THE COCKATOO

Oil on panel: 77.3 x 58.5 cm / 33.4 x 23 in
Signed lower right

Painter of genre scenes and portraits.

Gustave Léonard De Jonghe was born in Kortrijk as the son of the prominent landscape painter Jean-Baptiste De Jonghe. He received his first art lessons from his father. When De Jonghe’s father died when he was only 15 years old, his native city granted him a scholarship and he continued his studies in Brussels at the Académie Royale des Beaux-Arts under François-Joseph Navez and Louis Gallait.

From 1848 onwards De Jonghe participated in the exhibitions of the Brussels Salon. Following the example of Alfred Stevens, he emigrated to Paris and he soon made name as a popular painter of elegant woman and group portraits of the bourgeoisie. He became an exquisite painter of elegant women and family life in the Second Empire.

From 1850 on he began to exhibit at the Parisian Salons. In 1864, the Belgian King Leopold the First honoured him with the Order of Leopold. He travelled incessantly for almost thirty years between Paris and Brussels and finally settled down in Antwerp in 1884. There he died in 1893, at the age of 63.
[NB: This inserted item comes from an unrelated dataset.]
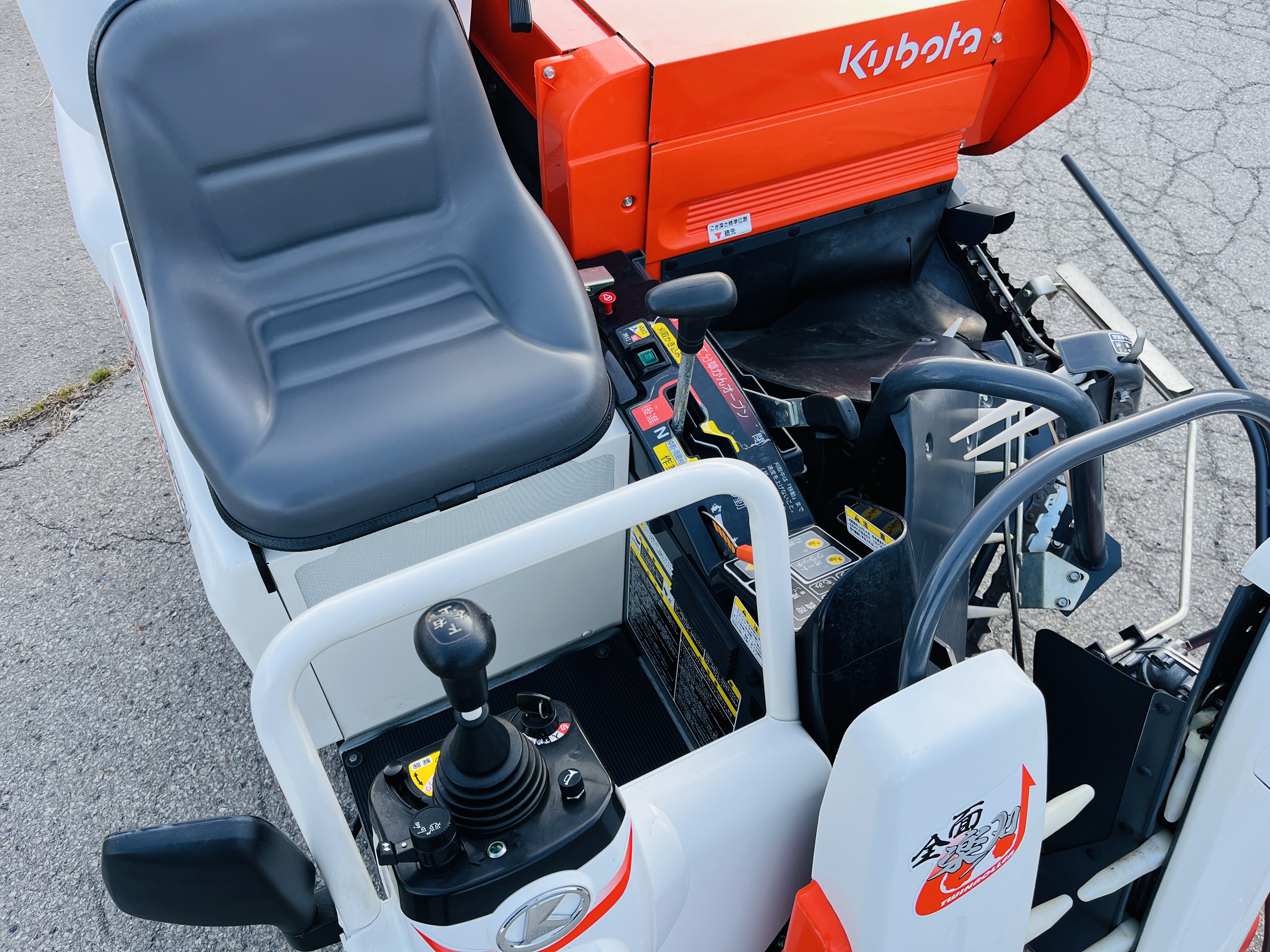 クボタ 中古コンバイン ER213NG-Wの商品画像9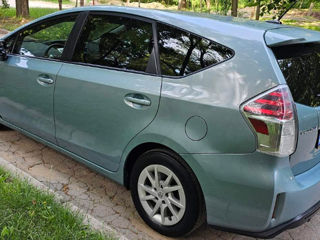 Toyota Prius v foto 6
De Jonghe distinguished himself by his virtuoso talent and his reputation from 1863 onwards was undisputed.

Period:
Courtrai 1829 - Antwerp 1893
Belgian School

Exhibitions:
Antwerp - Brussels - Courtrai - Ghent - Ixelles - New York

Literature:
P.& V. Berko, "Dictionary of Belgian painters born between 1750 & 1875", Knokke 1981, p. 177.
P. & V. Berko, "19th Century European Virtuoso Painters", Knokke 2011, p. 428.